Aquí, sin embargo, queremos recuperar otra de las experiencias del movimiento del Poder Negro. Se trata de la Liga de los Trabajadores Negros Revolucionarios (de ahora en más, LRBW por sus siglas en inglés) y los Revolutionary Union Movements, que se desenvolvieron en la ciudad de Detroit. Dicha experiencia contó con un rasgo distintivo, que la distinguió de las demás: tuvo como centro de gravedad a las fábricas automotrices de la ciudad.

Detroit

Desde comienzos del siglo XX, la zona metropolitana de Detroit era el epicentro de la industria automotriz en Estados Unidos (allí tenían su sede las «tres grandes» empresas Chrysler, Ford y General Motors). Aunque para el periodo que aquí tratamos dicha industria ya mostraba en la ciudad signos de decadencia (con elementos de atraso tecnológico, deslocalización de fábricas y reducción de plantillas), todavía era un importantísimo centro productivo de clase mundial. Y entre los trabajadores automotrices, casi la mitad eran negros. O, pensado de manera inversa, gran parte de la comunidad negra de la ciudad estaba formada por trabajadores fabriles.

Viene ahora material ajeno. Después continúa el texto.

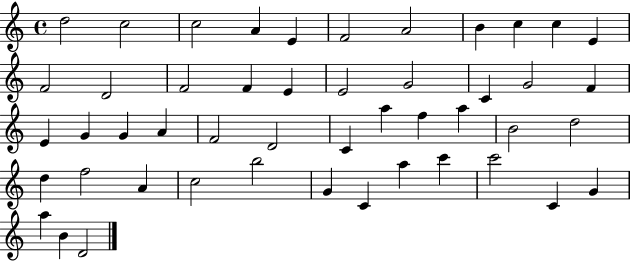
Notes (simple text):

D5/h C5/h C5/h A4/q E4/q F4/h A4/h B4/q C5/q C5/q E4/q F4/h D4/h F4/h F4/q E4/q E4/h G4/h C4/q G4/h F4/q E4/q G4/q G4/q A4/q F4/h D4/h C4/q A5/q F5/q A5/q B4/h D5/h D5/q F5/h A4/q C5/h B5/h G4/q C4/q A5/q C6/q C6/h C4/q G4/q A5/q B4/q D4/h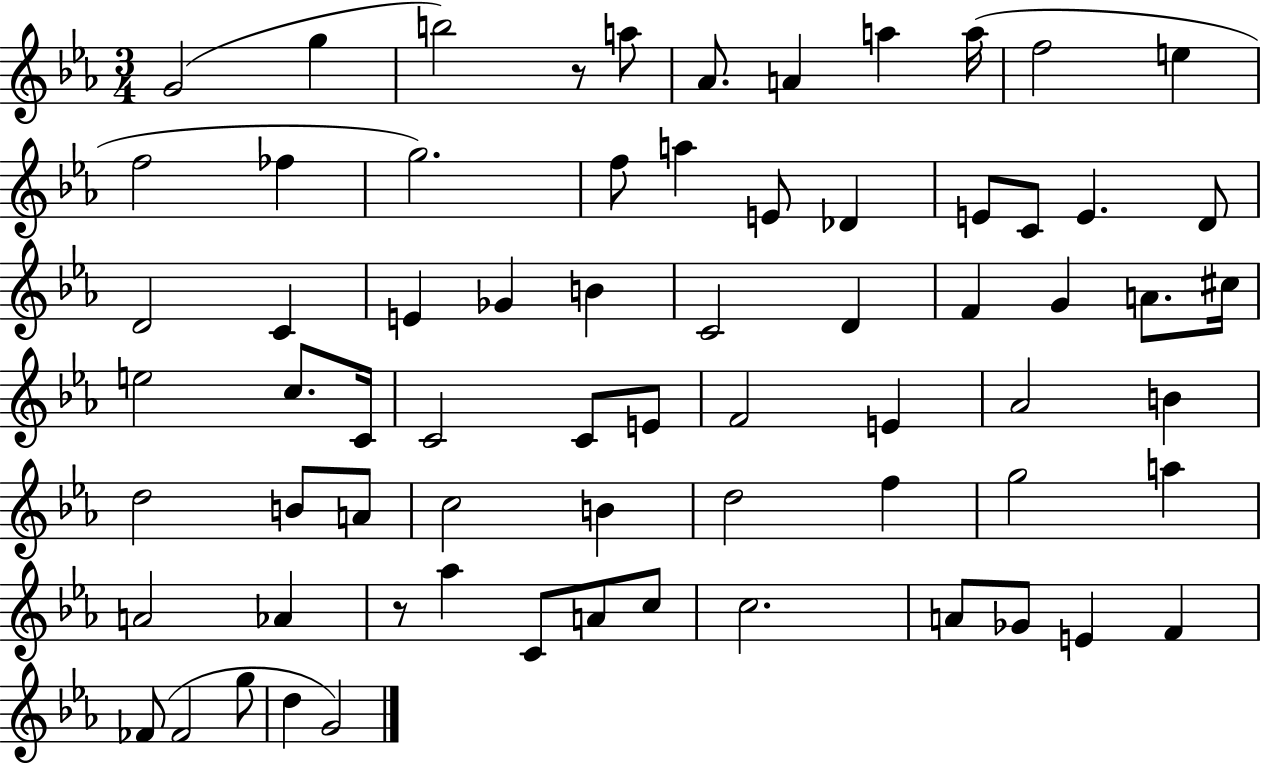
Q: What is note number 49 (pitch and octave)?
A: F5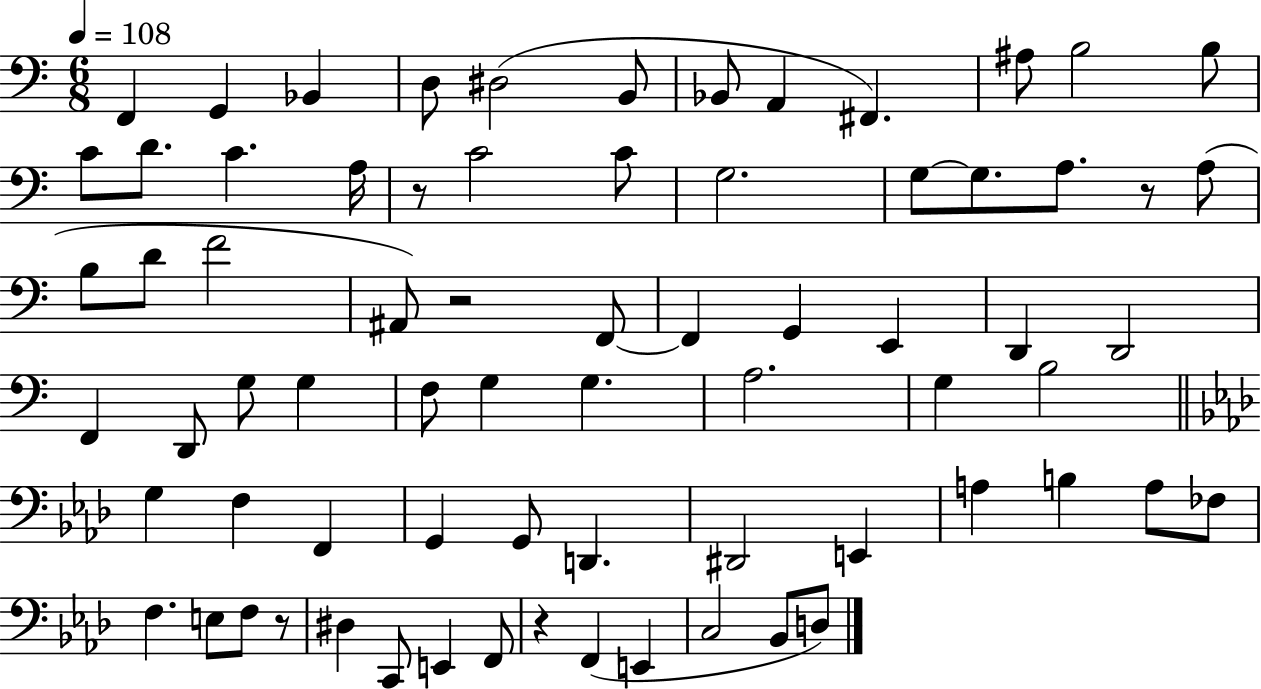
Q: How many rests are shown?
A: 5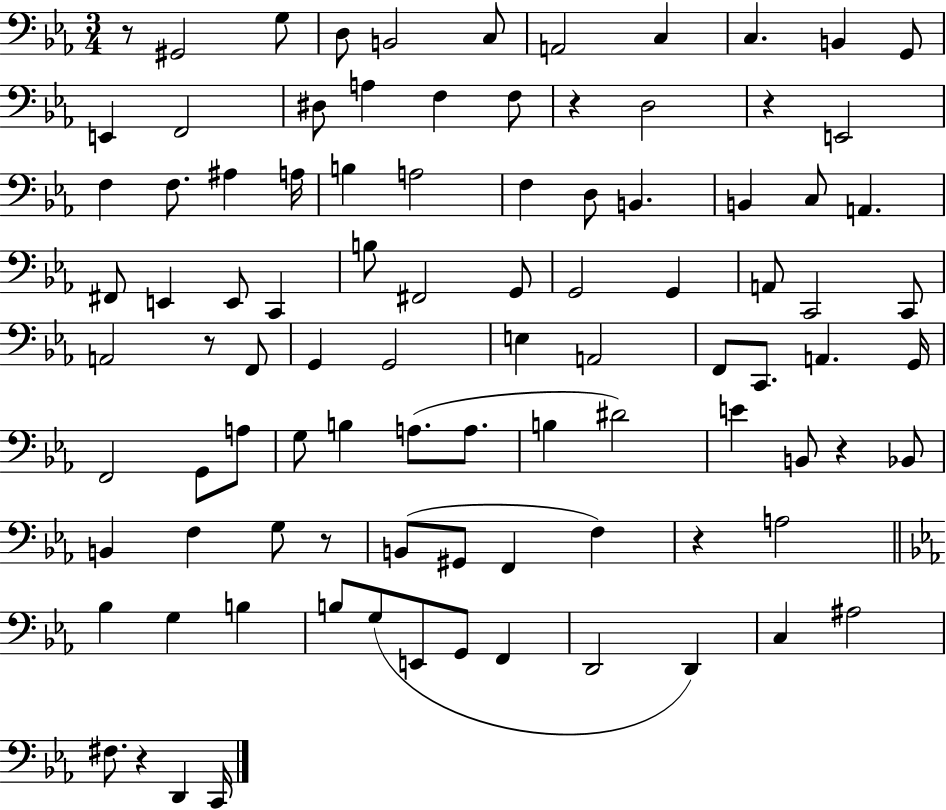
{
  \clef bass
  \numericTimeSignature
  \time 3/4
  \key ees \major
  r8 gis,2 g8 | d8 b,2 c8 | a,2 c4 | c4. b,4 g,8 | \break e,4 f,2 | dis8 a4 f4 f8 | r4 d2 | r4 e,2 | \break f4 f8. ais4 a16 | b4 a2 | f4 d8 b,4. | b,4 c8 a,4. | \break fis,8 e,4 e,8 c,4 | b8 fis,2 g,8 | g,2 g,4 | a,8 c,2 c,8 | \break a,2 r8 f,8 | g,4 g,2 | e4 a,2 | f,8 c,8. a,4. g,16 | \break f,2 g,8 a8 | g8 b4 a8.( a8. | b4 dis'2) | e'4 b,8 r4 bes,8 | \break b,4 f4 g8 r8 | b,8( gis,8 f,4 f4) | r4 a2 | \bar "||" \break \key ees \major bes4 g4 b4 | b8 g8( e,8 g,8 f,4 | d,2 d,4) | c4 ais2 | \break fis8. r4 d,4 c,16 | \bar "|."
}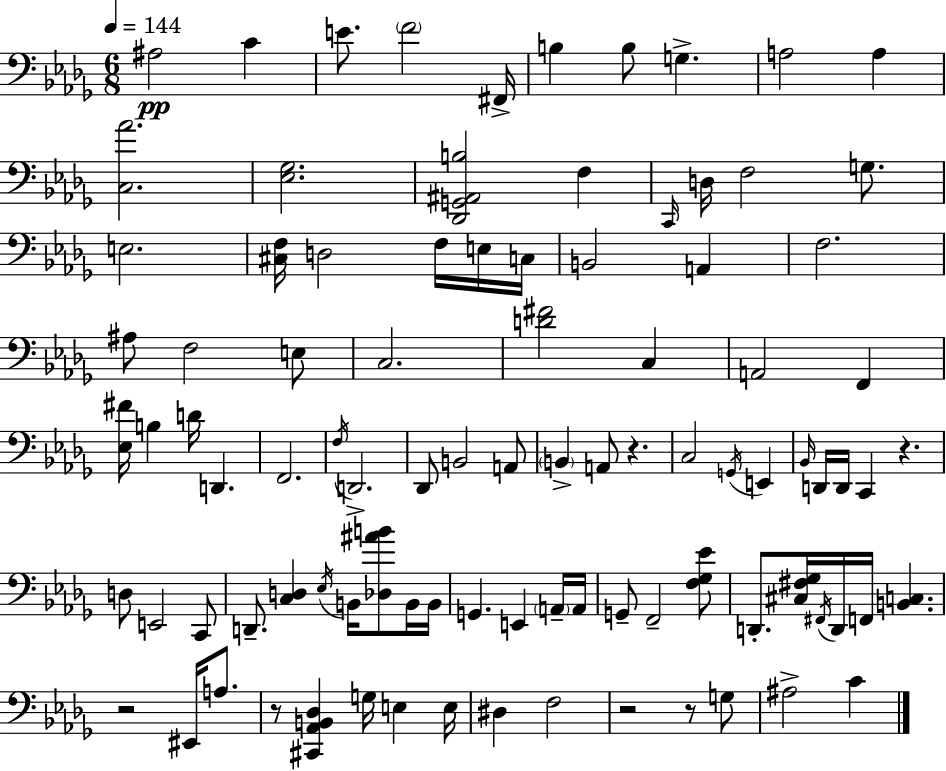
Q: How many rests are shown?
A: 6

En julio de 1967 estalló en Detroit la llamada Gran Rebelión, protagonizada centralmente por la comunidad negra. Se la considera como el levantamiento más sangriento (con más de 40 muertos) y costoso en términos monetarios que vivió Estados Unidos en cincuenta años. La revuelta se desató en respuesta a los arrestos masivos que la policía –vista por la población negra local como una fuerza de ocupación racista– había realizado en un bar de la ciudad, donde se celebraba el regreso de Vietnam de dos soldados locales.

Durante cinco días se sucedieron enfrentamientos masivos entre la población local y las fuerzas de seguridad, así como saqueos generalizados. La represión incluyó también la movilización de 7 mil miembros del Ejército y de la Guardia Nacional (incluyendo tanques de guerra), enviados por el presidente demócrata Lyndon B. Johnson para restaurar el orden. La magnitud de la participación popular en la revuelta puede inferirse por los alrededor de 7 mil arrestos producidos como consecuencia de la misma.

La Gran Rebelión generó un clima de fuerte radicalización política entre amplios sectores negros de Detroit y marcó el punto de partida para experiencias organizativas de mayor arraigo.

El periódico Inner City Voice

El germen de lo que más adelante serían los RUMs y la LRBW fue el periódico Inner City Voice (de ahora en más, ICV), publicado por primera vez en octubre de 1967, pocos meses después de la Gran Rebelión, por un grupo de jóvenes negros que se planteaban la necesidad de construir herramientas políticas y comunicativas para darle continuidad, coherencia y objetivos al movimiento insurreccional que se había desatado en las calles.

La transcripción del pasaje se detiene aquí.